Ein Forschungsprojekt von Victor Gallardo, dem Vize-Vorsitzenden des Census Scientific Steering Committee, in Chile und O'Dor hat ergeben, dass verschiedene mikrobielle Ökosysteme in Schwefelwasserstoff-Umgebungen gut wachsen und gedeihen. „Das sind Bedingungen, die auf der Erde vor 2,5 Mrd. bis 650 Mio. Jahren vorgeherrscht haben“, so O'Dor. „In mittleren Tiefen ist der Sauerstoffgehalt aufgrund verschiedener physikalischer Effekte sehr gering.

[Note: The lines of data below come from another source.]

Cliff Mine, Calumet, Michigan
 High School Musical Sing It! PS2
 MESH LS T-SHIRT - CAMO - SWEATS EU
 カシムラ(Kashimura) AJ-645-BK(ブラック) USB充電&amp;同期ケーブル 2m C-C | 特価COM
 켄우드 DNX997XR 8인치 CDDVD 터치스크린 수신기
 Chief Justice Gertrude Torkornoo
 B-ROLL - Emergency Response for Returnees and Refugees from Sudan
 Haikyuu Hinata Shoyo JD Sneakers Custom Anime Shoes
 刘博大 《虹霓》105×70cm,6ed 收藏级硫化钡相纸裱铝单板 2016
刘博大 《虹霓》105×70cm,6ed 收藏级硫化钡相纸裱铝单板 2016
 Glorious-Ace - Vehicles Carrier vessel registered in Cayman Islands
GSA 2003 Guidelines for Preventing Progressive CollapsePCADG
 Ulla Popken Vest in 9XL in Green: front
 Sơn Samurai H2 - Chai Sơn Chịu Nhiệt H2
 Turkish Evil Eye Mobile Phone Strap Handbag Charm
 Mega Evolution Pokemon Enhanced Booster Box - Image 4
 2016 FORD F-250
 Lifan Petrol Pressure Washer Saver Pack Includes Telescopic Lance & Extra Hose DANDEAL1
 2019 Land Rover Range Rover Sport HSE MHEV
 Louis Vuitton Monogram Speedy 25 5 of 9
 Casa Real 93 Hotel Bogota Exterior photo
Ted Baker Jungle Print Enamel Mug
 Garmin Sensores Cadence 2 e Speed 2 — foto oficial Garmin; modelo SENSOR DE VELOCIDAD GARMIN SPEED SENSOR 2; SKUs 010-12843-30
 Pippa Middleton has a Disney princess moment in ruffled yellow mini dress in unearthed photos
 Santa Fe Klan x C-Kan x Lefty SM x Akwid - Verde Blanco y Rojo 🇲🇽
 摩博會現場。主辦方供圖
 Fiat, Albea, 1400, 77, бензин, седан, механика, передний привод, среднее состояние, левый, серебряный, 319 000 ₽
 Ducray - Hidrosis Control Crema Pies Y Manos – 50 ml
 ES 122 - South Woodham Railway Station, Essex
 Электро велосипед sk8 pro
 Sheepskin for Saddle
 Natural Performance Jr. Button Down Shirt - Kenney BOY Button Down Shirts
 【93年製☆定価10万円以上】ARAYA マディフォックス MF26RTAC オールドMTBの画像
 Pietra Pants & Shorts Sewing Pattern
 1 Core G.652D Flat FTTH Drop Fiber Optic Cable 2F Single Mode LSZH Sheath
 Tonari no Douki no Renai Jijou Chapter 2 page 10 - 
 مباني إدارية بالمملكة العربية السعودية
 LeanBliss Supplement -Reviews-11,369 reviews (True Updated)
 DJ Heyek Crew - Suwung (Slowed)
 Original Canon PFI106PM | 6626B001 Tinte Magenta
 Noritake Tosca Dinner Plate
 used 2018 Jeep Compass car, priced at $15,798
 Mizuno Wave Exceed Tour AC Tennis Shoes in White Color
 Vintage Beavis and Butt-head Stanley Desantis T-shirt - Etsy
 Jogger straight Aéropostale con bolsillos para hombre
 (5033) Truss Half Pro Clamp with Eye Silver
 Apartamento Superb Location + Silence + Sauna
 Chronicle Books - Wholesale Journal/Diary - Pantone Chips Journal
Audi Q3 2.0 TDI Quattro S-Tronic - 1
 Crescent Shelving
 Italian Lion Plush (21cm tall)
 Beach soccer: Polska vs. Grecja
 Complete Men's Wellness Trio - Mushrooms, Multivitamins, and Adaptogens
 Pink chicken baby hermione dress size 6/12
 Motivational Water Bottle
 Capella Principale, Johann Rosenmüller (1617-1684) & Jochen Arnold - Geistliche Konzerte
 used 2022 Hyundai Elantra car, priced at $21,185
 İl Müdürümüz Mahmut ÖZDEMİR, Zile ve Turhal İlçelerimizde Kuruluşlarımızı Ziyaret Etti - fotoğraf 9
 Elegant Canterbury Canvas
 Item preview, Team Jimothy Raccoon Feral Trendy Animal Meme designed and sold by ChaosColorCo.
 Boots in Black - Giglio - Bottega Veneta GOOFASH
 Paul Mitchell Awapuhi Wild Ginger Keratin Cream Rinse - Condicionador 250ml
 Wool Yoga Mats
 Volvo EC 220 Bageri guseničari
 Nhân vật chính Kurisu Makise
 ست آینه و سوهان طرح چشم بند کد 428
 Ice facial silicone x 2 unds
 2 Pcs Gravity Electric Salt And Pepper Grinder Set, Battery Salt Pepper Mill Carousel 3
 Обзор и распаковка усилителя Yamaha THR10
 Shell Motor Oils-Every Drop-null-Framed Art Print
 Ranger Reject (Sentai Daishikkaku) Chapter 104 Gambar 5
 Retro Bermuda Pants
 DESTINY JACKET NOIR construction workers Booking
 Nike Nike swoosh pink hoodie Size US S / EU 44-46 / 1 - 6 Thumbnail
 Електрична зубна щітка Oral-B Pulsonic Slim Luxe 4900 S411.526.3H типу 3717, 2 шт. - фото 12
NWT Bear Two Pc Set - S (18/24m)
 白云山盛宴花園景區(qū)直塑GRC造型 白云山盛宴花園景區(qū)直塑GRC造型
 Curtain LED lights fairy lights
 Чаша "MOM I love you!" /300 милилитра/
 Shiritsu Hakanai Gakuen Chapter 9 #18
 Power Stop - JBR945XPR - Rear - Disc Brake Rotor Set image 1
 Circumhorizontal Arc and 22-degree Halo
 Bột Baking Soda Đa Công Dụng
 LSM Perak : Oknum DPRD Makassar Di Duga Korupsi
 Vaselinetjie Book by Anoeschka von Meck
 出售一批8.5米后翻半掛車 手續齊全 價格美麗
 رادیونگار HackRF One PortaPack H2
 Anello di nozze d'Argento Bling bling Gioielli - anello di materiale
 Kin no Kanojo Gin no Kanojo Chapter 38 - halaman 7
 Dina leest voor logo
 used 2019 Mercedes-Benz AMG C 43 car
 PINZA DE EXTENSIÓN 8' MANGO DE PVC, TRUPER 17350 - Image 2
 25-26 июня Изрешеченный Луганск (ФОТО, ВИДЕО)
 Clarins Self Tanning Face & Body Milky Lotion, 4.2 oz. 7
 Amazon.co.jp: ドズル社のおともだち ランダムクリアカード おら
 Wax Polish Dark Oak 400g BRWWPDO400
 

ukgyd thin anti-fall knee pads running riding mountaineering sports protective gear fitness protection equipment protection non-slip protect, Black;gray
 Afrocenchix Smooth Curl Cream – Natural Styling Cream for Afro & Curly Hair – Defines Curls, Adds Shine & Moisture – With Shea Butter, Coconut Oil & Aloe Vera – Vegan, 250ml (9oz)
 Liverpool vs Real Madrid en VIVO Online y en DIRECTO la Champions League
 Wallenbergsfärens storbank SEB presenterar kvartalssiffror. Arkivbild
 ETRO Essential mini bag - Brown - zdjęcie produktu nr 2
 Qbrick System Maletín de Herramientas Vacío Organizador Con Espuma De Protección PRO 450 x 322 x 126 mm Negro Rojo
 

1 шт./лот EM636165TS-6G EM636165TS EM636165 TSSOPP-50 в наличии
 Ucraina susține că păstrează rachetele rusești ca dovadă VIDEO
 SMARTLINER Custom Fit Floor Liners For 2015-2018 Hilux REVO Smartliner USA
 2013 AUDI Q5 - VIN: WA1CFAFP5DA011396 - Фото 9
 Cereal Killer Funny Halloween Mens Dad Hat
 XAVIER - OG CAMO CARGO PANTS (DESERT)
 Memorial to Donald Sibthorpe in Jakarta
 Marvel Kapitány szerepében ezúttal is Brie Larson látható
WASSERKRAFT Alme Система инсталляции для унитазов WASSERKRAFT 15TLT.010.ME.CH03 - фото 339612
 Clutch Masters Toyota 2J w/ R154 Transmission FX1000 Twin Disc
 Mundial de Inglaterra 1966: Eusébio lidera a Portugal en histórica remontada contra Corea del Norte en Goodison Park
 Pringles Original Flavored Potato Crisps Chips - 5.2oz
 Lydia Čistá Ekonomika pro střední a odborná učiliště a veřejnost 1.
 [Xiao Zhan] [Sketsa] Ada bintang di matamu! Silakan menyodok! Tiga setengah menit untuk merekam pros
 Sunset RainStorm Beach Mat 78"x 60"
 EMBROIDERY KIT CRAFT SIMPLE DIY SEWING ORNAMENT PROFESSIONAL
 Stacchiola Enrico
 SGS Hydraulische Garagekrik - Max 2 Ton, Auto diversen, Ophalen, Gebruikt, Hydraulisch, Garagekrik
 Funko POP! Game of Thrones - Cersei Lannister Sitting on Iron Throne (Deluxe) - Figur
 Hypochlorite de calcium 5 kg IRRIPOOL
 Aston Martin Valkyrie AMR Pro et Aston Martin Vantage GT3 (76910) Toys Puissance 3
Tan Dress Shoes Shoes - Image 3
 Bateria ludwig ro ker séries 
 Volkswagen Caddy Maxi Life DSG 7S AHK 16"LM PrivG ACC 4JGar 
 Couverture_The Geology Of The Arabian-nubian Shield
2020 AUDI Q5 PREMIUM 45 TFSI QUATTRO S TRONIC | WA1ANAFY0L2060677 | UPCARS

Hier gibt es nur sehr wenige Lebewesen“, erklärt O'Dor. Hier haben die Forscher riesige Matten von Mikroben entdeckt.

Große Mikroben in großer Zahl

„Üblicherweise sind Mikroben klein. Doch unsere Funde haben gezeigt, dass sie zwischen zwei und sieben Zentimeter groß werden“, so der Wissenschaftler. Gefunden wurden diese Matten am Kontinentalschelf vor der Küste Chiles. „Wir gehen davon aus, dass sie in sauerstoffarmen Zonen bis Panama vorkommen und wahrscheinlich sogar in anderen sauerstoffarmen Meeresgebieten.“ Die Forscher nehmen an, dass menschliches Zutun die Bildung solcher Mikrobenmatten ebenfalls fördern kann.

Obwohl die Mikrobenmatten per se nicht gefährlich sind, sind sie anderen Lebensformen gegenüber nicht freundlich, wie O'Dor meint. „Denn andere Lebewesen überleben unter diesen Bedingungen eben nicht.“ Welche Rolle diese Mikrobenmatten im Meer spielen, ist den Forschern unklar. „Unter dem Aspekt, dass die Biomasse der Mikroben so groß ist, gibt es auch Hinweise darauf, dass sie im gesamten Nahrungskreislauf eine Rolle spielen.“

Schwämme mit 3.000 verschiedenen Bakterien

Ein Forscherteam am Great Barrier Reef in Australien hat bei Untersuchungen an Meeresschwämmen festgestellt, dass hier fast 3.000 Bakterienarten vorkommen. „Alleine die Verfolgung und Visualisierungen solcher komplexen Populationen waren vor zehn Jahren noch nicht möglich“, so John Baross von der University of Washington und Vorsitzender des Scientific Advisory Council der International Census of Marine Microbes IcoMM.

Die Zahl der marinen Viren könnte die Zahl der Mikroben sogar noch übersteigen. „Der erste Zensus von solchen Viren sollte also ein Ziel der kommenden Dekade sein“, meint der Forscher.